Wednesday, April 09, 2008

Let the weddings begin

This is the year of the wedding for the Haag family. My brother, my oldest cousin and I (that's three of the four grandchildren on that side) are preparing for nuptial bliss.

My brother starts the trend this weekend. I'm excited for him, and I adore my soon to be sister-in-law. As we've done all the preparations, it also made me realize how important it is to have faith to lean on at this time. The whole idea of marriage is saying there is something bigger than you now. That might just be the relationship, or for people of faith, it would be God. Even though I haven't experienced marriage myself, that would be my thought for them: when life gets tough, remember you're not in this for yourself, but for God and each other.
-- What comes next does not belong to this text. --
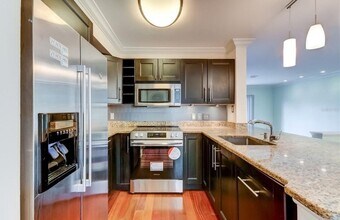 115 112th Ave NE, Unit 618 in St. Petersburg, FL - Foto de edificio - Building Photo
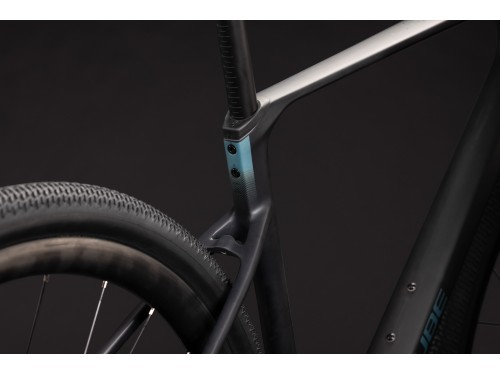 velosiped-graviinii-cube-nuroad-c62-one-2027-carbon-n-shiftverde-8.jpg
Now, I turn to you -- what is your advice to those of us preparing for marriage?

5 comments:

Rose said...

Diane: Please never think or use the big D word in your relationship. If you never entertain it as even a possibility as the solution for your problems, you and your husband will work through anything. (qualify: only in one instance is Divorce needed: physical abuse) You, your husband and God can solve anything that will arise in your marriage. Good luck and God Bless you both. Marriage is wonderful. I have been enjoying it for 53 years.

Bodreaux said...

Everyone wishes you the best in your marriage, and surely you desire this also. Hopefully the two of you are thinking maturely; it's good to "fall" deeply in love...but there's no place for infatuation when makinging this serious committment. You must not "stumble" into marriage. A few things you need to take-to-heart now, and rembember for the rest of your lives:

LOVE. Obviously. Let it be real. Accept it from your mate and embrace it within yourself. You need true love, so nurture it. Let it grow. You also need to like each other, but don't forget that there will be times when you may not. Your love for one another needs to be strong to see you through difficult times.
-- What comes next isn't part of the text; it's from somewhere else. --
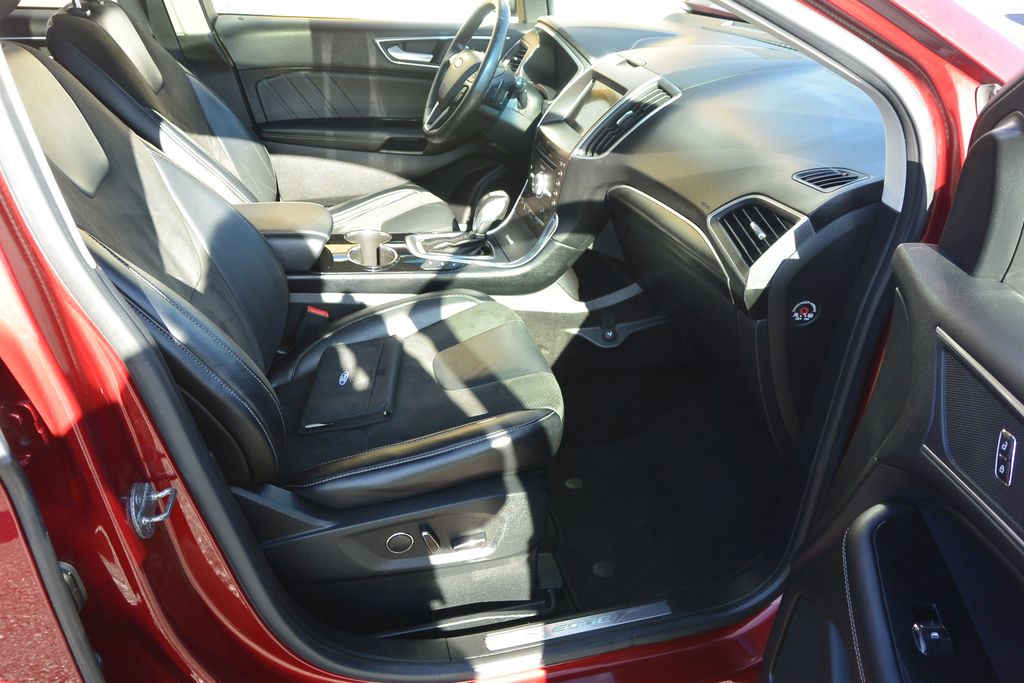 Ford Edge 2.0TDCi ST Line 4×4 AT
LUCK. Forget it. You've been lucky enough to find each other. Marriage
has so many aspects (family dreams, careers, responsibilities)that you can't count on good luck to make it be happy, strong, and lasting. That's not a plan. Also don't blame bad luck when you have problems. It's called life.

LABOR. To make your marriage work you've got to work at it. Learn and apply the Golden Rule (Matthew 7:12). You will both be rewarded if your first consideration in all things is for your spouse. You can't be lazy about your life as a couple; be a good in-law, dream together, plan and provide for your household letting your career goals be "family friendly", and carry your share (plus some) of responsibilities.

The LORD. Make him a partner in your marriage now (before you say "I do") and always. Discover how this can give your relationship with each other sustenance, strength, security, and stability. God ordained marriage, making the two of you be one. Lead and follow each other closely as you grow spiritually so that as a team neither of you should run ahead or fall behind. Talk to each other, pray together, study, and share the joy of love which is from God.

Blessings,
Boudreaux

Bodreaux said...

I submitted a comment 4/12/08 regarding advice to those planning to be married. I left out item 2 which comes between LOVE and LUCK. it is LAUGHTER:

LAUGHTER. Can't live without it, or at least why would you want to? Essential to a "happy" mariage. You will need it to dry the occasional tear, as it reminds us to not take things too seriously. Laugh at yourself and with your lifemate.

Diane Libro said...

Rose - thanks for the encouragement. I'm truly blessed by all those people who keep telling me how wonderful marriage is.

Diane Libro said...

Bodreaux, sorry it took so long to post your comments - I have to approve them and I was away from the computer for the weekend's festivities. Your advice is wonderful though -- we will certainly take it to heart.